Ugolino y sus hijos, Jean-Baptiste Carpeaux |
Recuerdo que
cuando de niña cursaba aquello que entonces se denominaba (sí, soy muy mayor)
EGB, cada dos por tres, cuando había examen, misteriosamente se producía una
anónima llamada que aseguraba haber puesto una bomba. Y entonces eran tiempos en los que todos,
de una u otra forma, vivíamos amenazados. No se trataba de andarse con
tonterías: los experimentos, mejor con gaseosa. Y allá que íbamos, en fila
ordenada agarraditos de la mano, pero sin perder un segundo, fuera del colegio.
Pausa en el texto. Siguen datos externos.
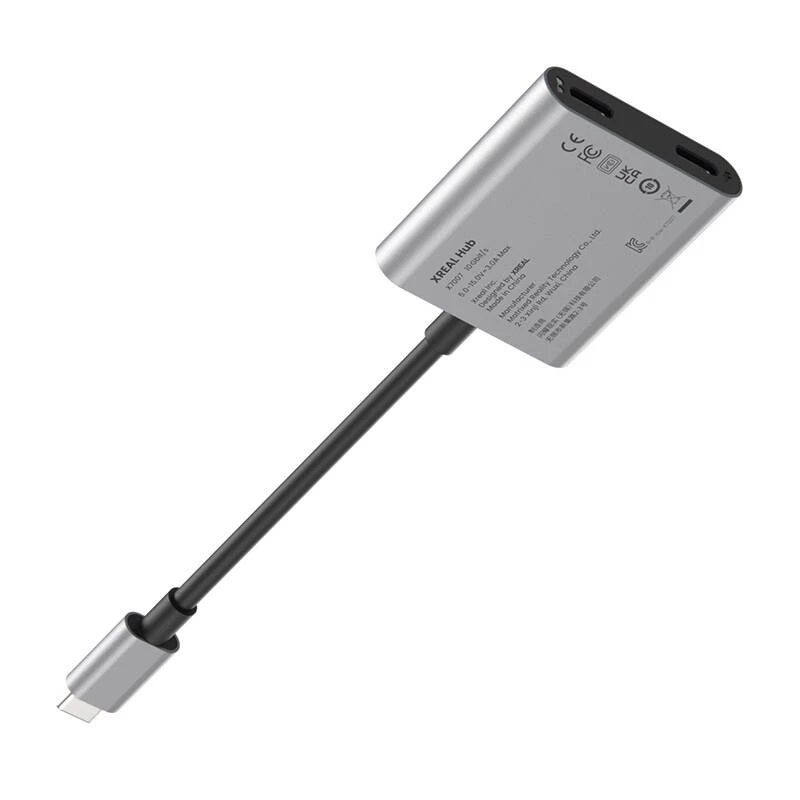 Įkrovimo adapteris XREAL HUB X7007
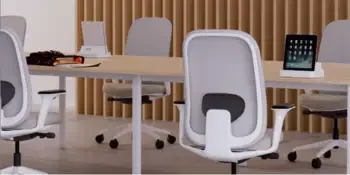 Sillas de oficinas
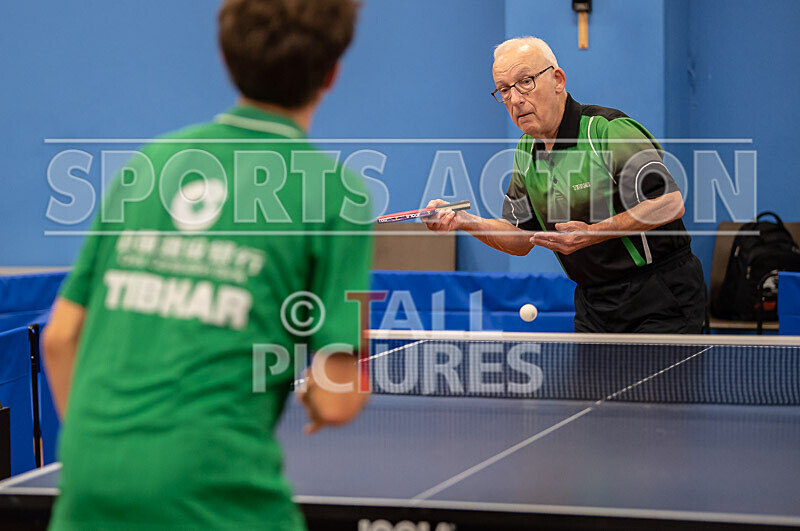 Whistlers Open Singles 2021-52 - WHISLERS OPEN SINGLES TABLE TENNIS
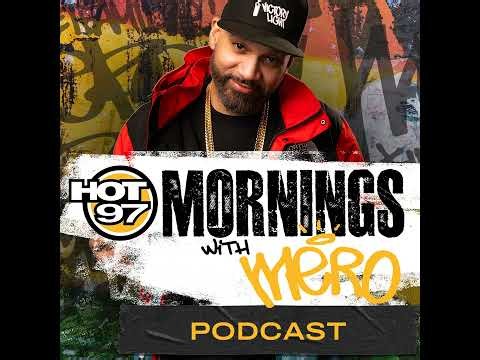 Pitchfork SLAMS Tyga’s AI Album + Tupac Trial Update | Mornings With Mero 8-14-26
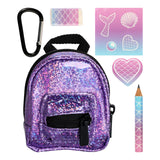 Real Littles Series 6 Backpack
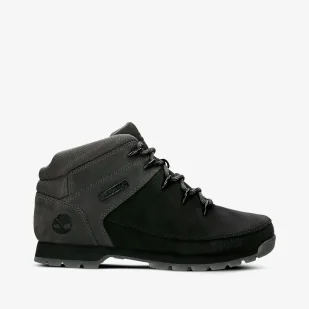 Buty zimowe męskie Timberland Euro Sprint Hiker (TB0A1KAC 015) - Buty zimowe męskie - miniaturka - grafika 1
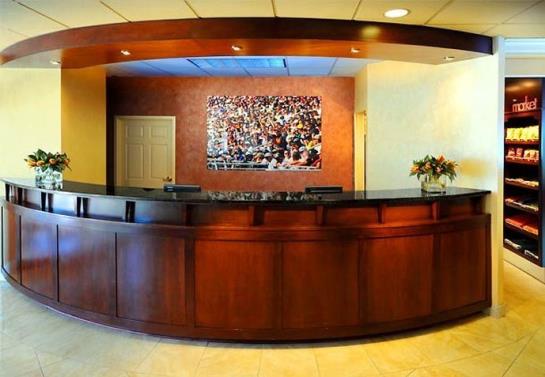 Hotel Residence Inn Fort Worth Alliance Airport  | Fort Worth | Texas | United States 16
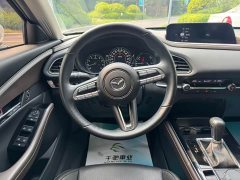 Mazda CX-30 2.0L Version - ფოტო 10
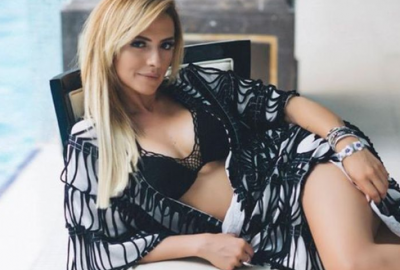 Sinem Öztürk’ten ikiz bebek müjdesi! İsimleri bile belli: Mustafa ve Kemal!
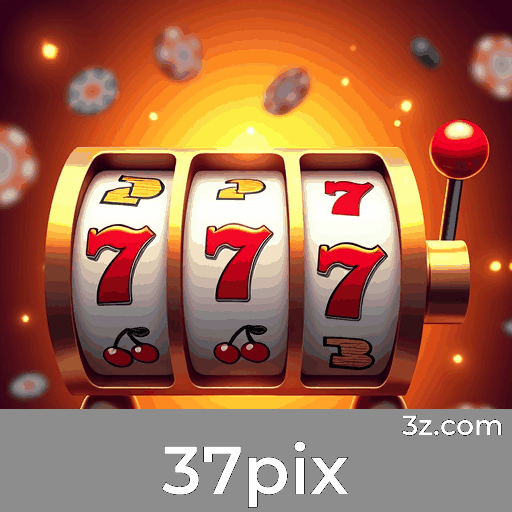 37pix: Seu Cassino Online Seguro com Pagamentos Rápidos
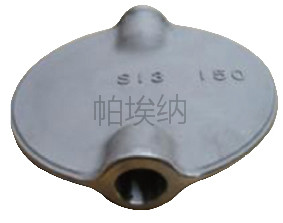 不銹鋼類鑄件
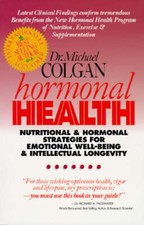 Hormonal Health: Nutritional & Hormonal Strategies for Emotional Well-Being &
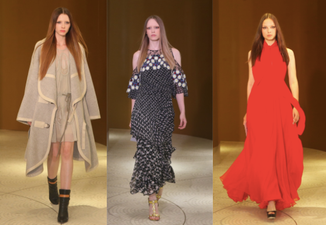The Brown Thomas looks you’ll be crushing on next season
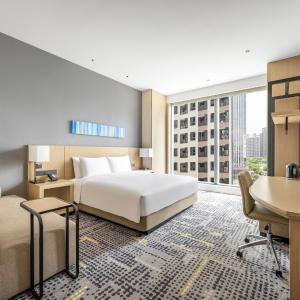 King Room - High Floor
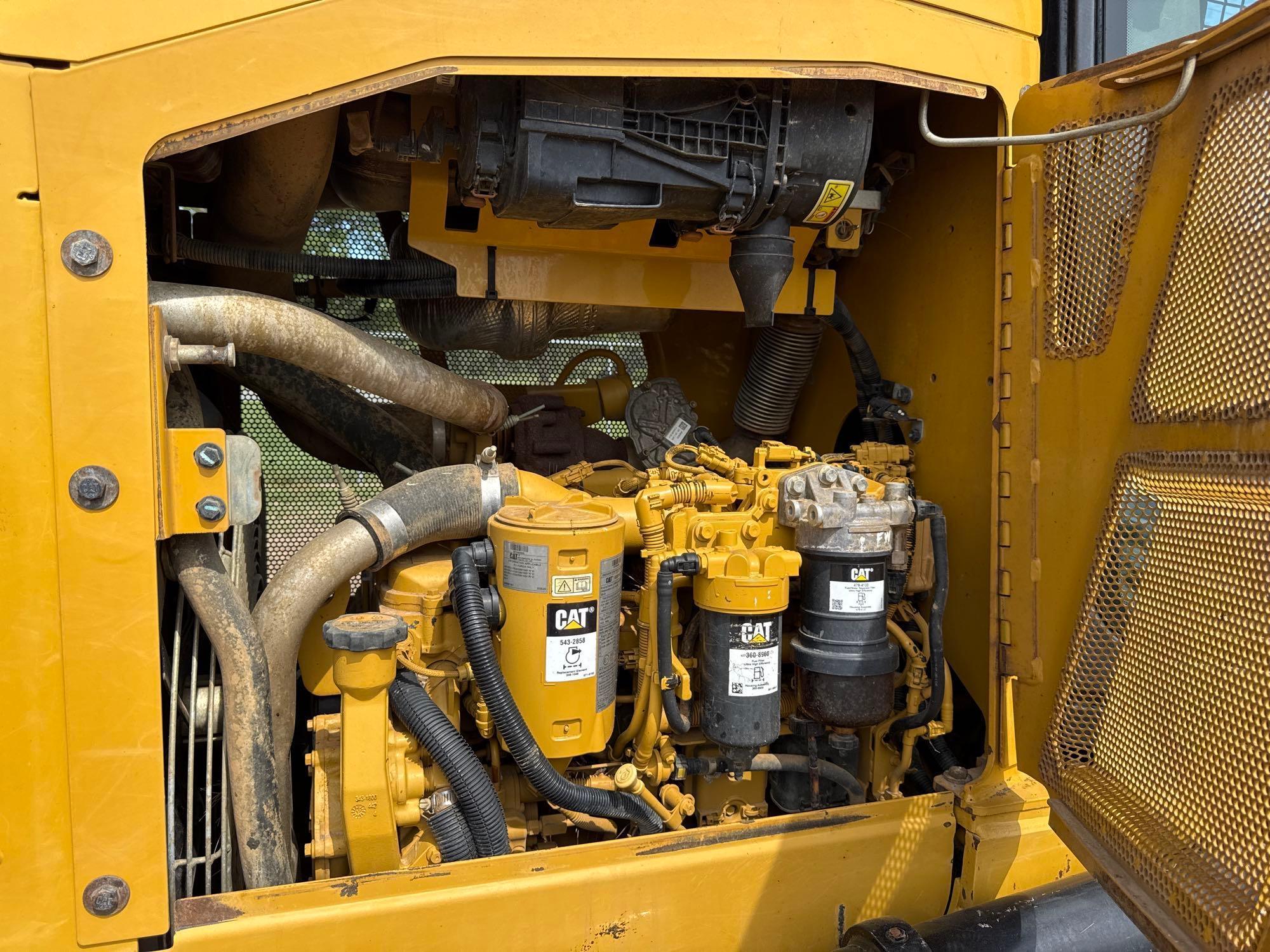 2020 Caterpillar D3K2LGP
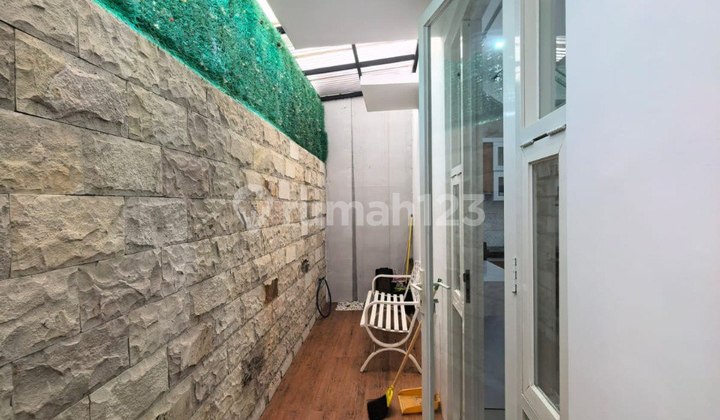 Villa Nyaman Desain Modern di Villa Permata Panderman Batu Malang 2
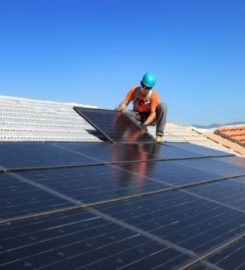 Nevada Solar Panel Installers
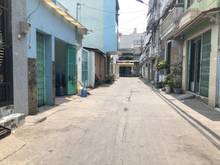 Hình ảnh Bán gấp căn nhà tại hẻm 357 tân hòa đông, dt: 76m2, giá: 5.1 tỷ.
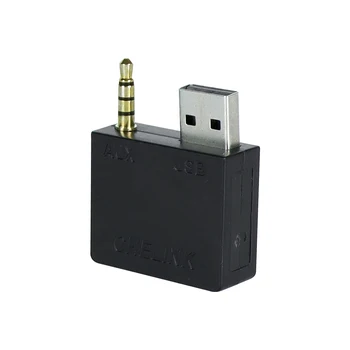 Автомобильный AUX Bluetooth 5.0 USB кабель-адаптер громкой связи Автоматический передатчик-приемник Подходит для Kia Sedon Sorento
¡Yupi! Hoy toca fiesta. Y a hacer puñetas el examen. Otra vez.
Bueno, pues
sospecho que hay quien no ha pasado de la infancia (o más bien, de la
puerilidad). Y se cree que soltando una bomba, en este caso fétida, logrará
desviar toda la atención.
Para mí que,
como en mi colegio después de un cierto número de llamadas, ya no cuela. Pero
ciertamente huele. A ver si alguien echa un vistazo antes de que nos
asfixiemos. Como diría Gila haciendo luz de gas, “alguien ha matado a alguien
(empezando por la confianza, la inocencia y tantas otras cosas bellas que ahora
parecen sólo posibles en las pelis de
Walt Disney. Qué tiempos aquellos)… A alguien se le están pudriendo los
cadáveres en el armario....” Y yo no quiero mirar a nadie. Porque está muy feo,
y es muy fácil, señalar con el dedo.